If the city fails to receive millions of dollars in additional state aid, offices that serve senior citizens, young people and substance abusers also would have to be closed, budget officials warned.

"There wouldn't be a city-run facility open in this town except for police stations and firehouses," Budget Director James B. Milroy said Thursday. "But I don't know if the political will exists on the Common Council to make these kind of cuts."

Milroy outlined the administration's latest alternatives for slashing costs at a Common Council Budget Committee meeting Thursday. While officials stressed that the cost-cutting plan is in "the discussion stages" at this point, they added the city has "very limited options" for solving the crisis without a major increase in state assistance.

Milroy said the only other options would involve cuts in police and fire services, areas that virtually all city officials have said should remain off-limits.

If the latest round of layoffs were to occur as outlined Thursday, they would affect more than 80 parks employees, 66 workers in the recreation division, more than 40 individuals who run substance abuse programs for the city and the Buffalo Municipal Housing Authority, and 20 employees who administer programs for senior citizens.

Several other departments also would lose staffing. For example, the plan would close the Office of Telecommunications, eliminate winter security staffing at Erie Basin Marina and cut forestry jobs.

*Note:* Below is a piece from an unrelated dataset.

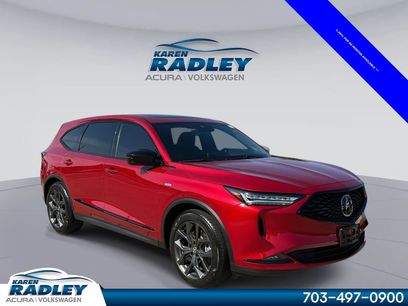 Certified 2023 Acura MDX A-Spec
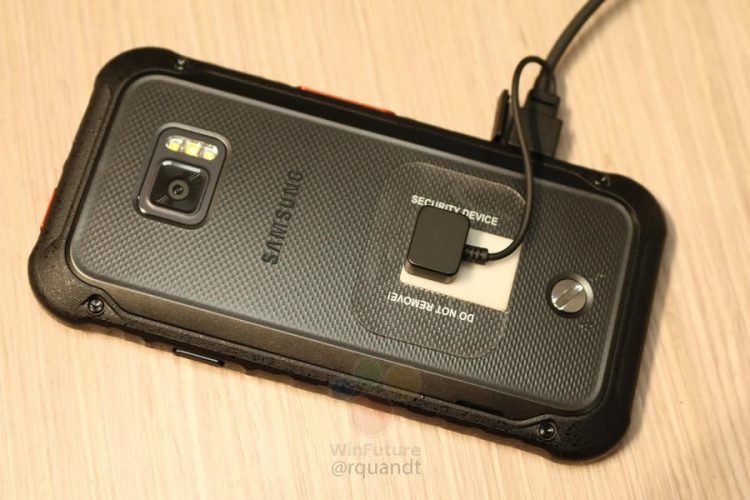 เผยโฉม Samsung SM-G888 สมาร์ทโฟนรุ่นใหม่ เน้นความทนทาน รองรับฟีเจอร์ Push-to-talk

If the new round of cuts were to occur, they would likely take effect by the end of the year.

The list of possible cuts also assumes that there would no raises for any employees this fiscal year, including police and fire personnel. The list would trim about $15 million in expenses, still leaving the city with a $7.3 million hole.

The city already has announced that 75 employees will be laid off Nov. 2. It also has frozen all spending and authorized the rotating shutdown of up to two fire companies each day to reduce overtime costs. The city's only two indoor pools also will be closed a couple of days each week. The early round of cuts trimmed about $8.5 million.

During the committee meeting, Council President James W. Pitts criticized state and federal officials for ignoring the plight of many cities following the Sept. 11 attacks on the World Trade Center.

"Gov. Pataki's priorities are all screwed up," Pitts said during an emotional speech.

State aid is a major revenue source for the city and its school district, accounting for about 60 percent of their combined revenues.

But even if the state comes through with additional aid to Buffalo, the city will face severe problems in the coming year, officials warned Thursday. Comptroller Anthony R. Nanula, who met with city lawmakers, said the biggest challenge involves reforming fiscal policies that have allowed the city's reserves to deteriorate.

"We're operating on fumes from a cash-reserve perspective," Nanula said. "We don't have a cushion, and that concerns credit-rating agencies."

Vincent J. LoVallo, chief of staff to Mayor Anthony M. Masiello, agreed that the city's long-term fiscal outlook is bleak unless structural changes are made. He announced Thursday that the mayor's office hopes to propose sweeping changes in the next budget, which will be unveiled in May.

"We're running a government that has been the same for 100 years, if not longer. We need to put a new government together," LoVallo told the Council. "Every department has to be looked at and rebuilt from the ground up. We may have to throw out the budget book as we know it."

Police and fire services are the city's two most expensive departments, costing about $157 million to operate this fiscal year -- $20 million more than the city's property tax levy.

City officials also met privately with state auditors late Thursday. Several staffers from the state comptroller's office have been reviewing city finances to try to determine the severity of Buffalo's cash flow problem.

Sources left Thursday's meeting indicating that the report will document a "serious cash shortage" facing Buffalo. A series of meetings will be held over the next few days to finalize the figures. City officials are hoping the state comptroller's study will help strengthen Buffalo's case for obtaining $22 million in additional state aid.